Scott also references FDR's "welcome their hatred" speech and seems to imply that it led to 30 years of gridlock, which I don't really understand. The amount of progressive legislation passed during Roosevelt's first term was impressive and it took some time for the country to digest it all (and yes, spit some of it back.) Major legislative advances on race were stymied by the Dixiecrats, but the government itself expanded greatly under under Truman, Eisenhower, Kennedy, Johnson, and Nixon in dozens of ways. It's true that the major civil rights legislation and Medicare finally passed partially as a result of LBJs legislative skills, but the fact that our young president had just been shot down in Dallas was a huge factor. The nation was riding an emotional tidal wave that Johnson very deftly rode, but it's hard to see that even with his monumental skills as a legislator that he could have done all that on his own, bully pulpit or not. Just as it's facile to say that the bully pulpit is all powerful, legislative skills is no foolproof way to predict the outcome of anything. I suspect it's always a matter of context, timing, and political skill, however you define that.

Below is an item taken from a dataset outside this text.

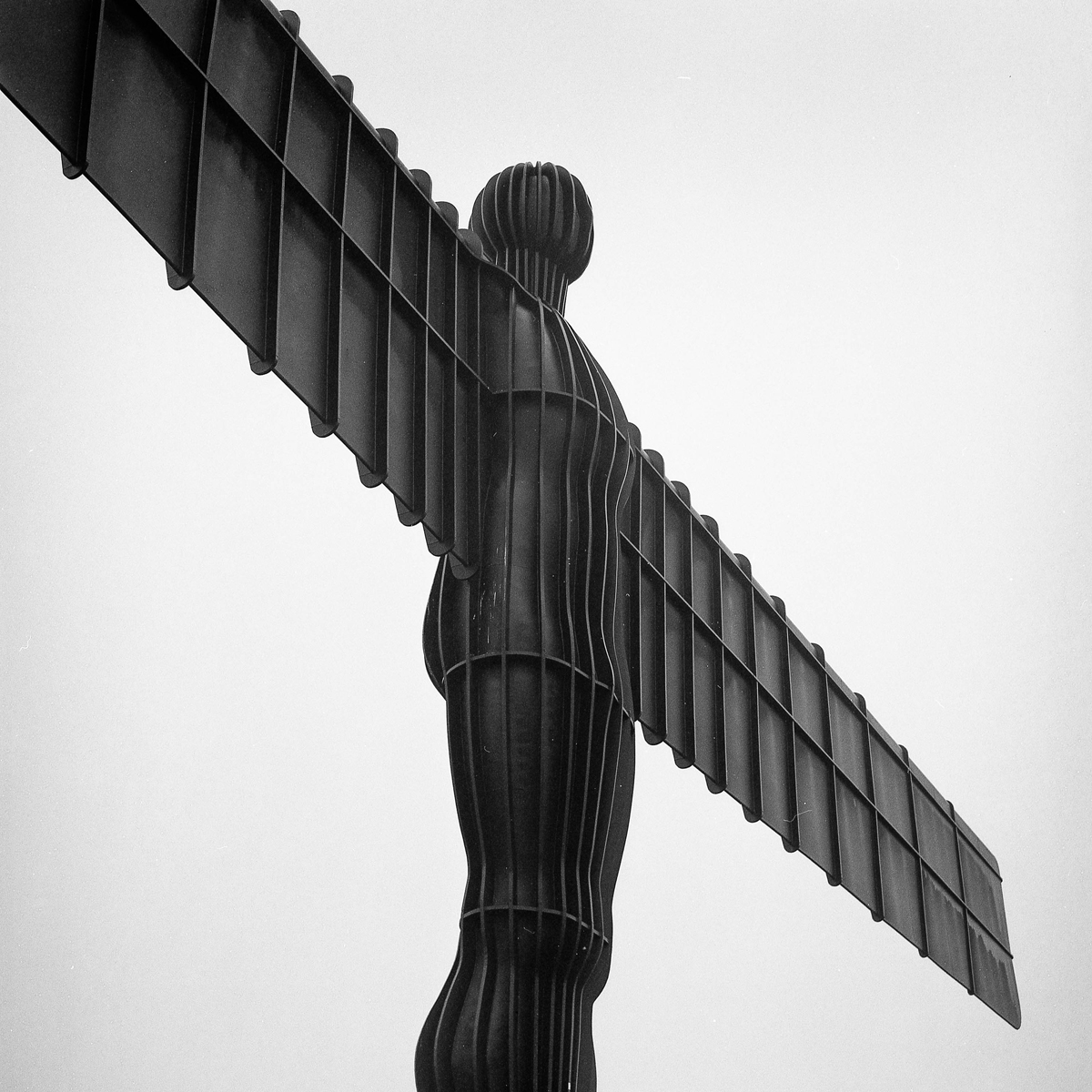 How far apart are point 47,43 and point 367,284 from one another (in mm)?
1203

I would also be interested in seeing some data that proves the "welcome their hatred" speech was what made Roosevelt's agenda stall. I know that it's very fashionable to pooh-pooh the idea that presidential speeches are anything more than a ridiculous waste of a thinking person's time, and that the only thing that ever matters in an election is the economy, but I cannot then understand why a speech could have the power to completely destroy a presidential agenda either. It is certainly true that Roosevelt took a very wrong turn in 1937 and put the country back into a depression, but I'm guessing he was persuaded by his economic advisers that it was time to deal with the budget deficit and so he pulled back --- which didn't work out all that well. I suppose you can make a case that the Republicans made huge gains in 1938 because he was mean to the rich people, but I suspect it was more a result of Roosevelt foolishly backing a policy that made unemployment go up.

In spite of all that, however, Roosevelt was able to get through the modification of the Social Security program that allowed survivors and spousal benefits in 1939 and he passed the Fair Labor Standards Act during that period among other progressive pieces of legislation. He wasn't as active as he had been, but then it's hard to see how he could have been. And as I said he set the table for 30 years of progressive advances based upon the idea that government should take action to make the lives of ordinary people better. And I think his words mattered in making people understand it -- perhaps not as much at the time, but later, in the way we all came to accept that government had an active role to play in improving the lives of its citizens, an understanding that the conservatives have been fighting with everything they have for more than half a century to change. They certainly believe that communicating ideology matters, even if liberals don't.